> [What the task requires] In the records below, find the line containing "NEW ZEALAND TRAVEL GUIDE 2026-2027"; restate it and every later line word for word, through the last.

==================================================

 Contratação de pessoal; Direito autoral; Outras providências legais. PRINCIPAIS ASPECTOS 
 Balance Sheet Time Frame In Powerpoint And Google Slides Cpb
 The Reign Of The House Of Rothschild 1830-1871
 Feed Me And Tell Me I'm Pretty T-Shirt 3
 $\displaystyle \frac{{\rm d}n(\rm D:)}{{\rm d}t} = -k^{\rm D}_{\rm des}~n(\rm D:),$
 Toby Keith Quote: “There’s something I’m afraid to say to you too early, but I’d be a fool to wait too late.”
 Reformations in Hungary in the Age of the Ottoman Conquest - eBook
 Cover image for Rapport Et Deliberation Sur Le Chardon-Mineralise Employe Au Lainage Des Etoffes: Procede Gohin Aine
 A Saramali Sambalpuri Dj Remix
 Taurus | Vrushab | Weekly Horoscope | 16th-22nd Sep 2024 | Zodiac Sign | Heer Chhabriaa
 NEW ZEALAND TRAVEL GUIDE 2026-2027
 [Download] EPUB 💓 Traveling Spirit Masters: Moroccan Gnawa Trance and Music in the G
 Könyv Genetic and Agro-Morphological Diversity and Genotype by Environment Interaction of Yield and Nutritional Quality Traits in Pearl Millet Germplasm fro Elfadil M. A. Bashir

==================================================

> [Output of the exercise]
 NEW ZEALAND TRAVEL GUIDE 2026-2027
 [Download] EPUB 💓 Traveling Spirit Masters: Moroccan Gnawa Trance and Music in the G
 Könyv Genetic and Agro-Morphological Diversity and Genotype by Environment Interaction of Yield and Nutritional Quality Traits in Pearl Millet Germplasm fro Elfadil M. A. Bashir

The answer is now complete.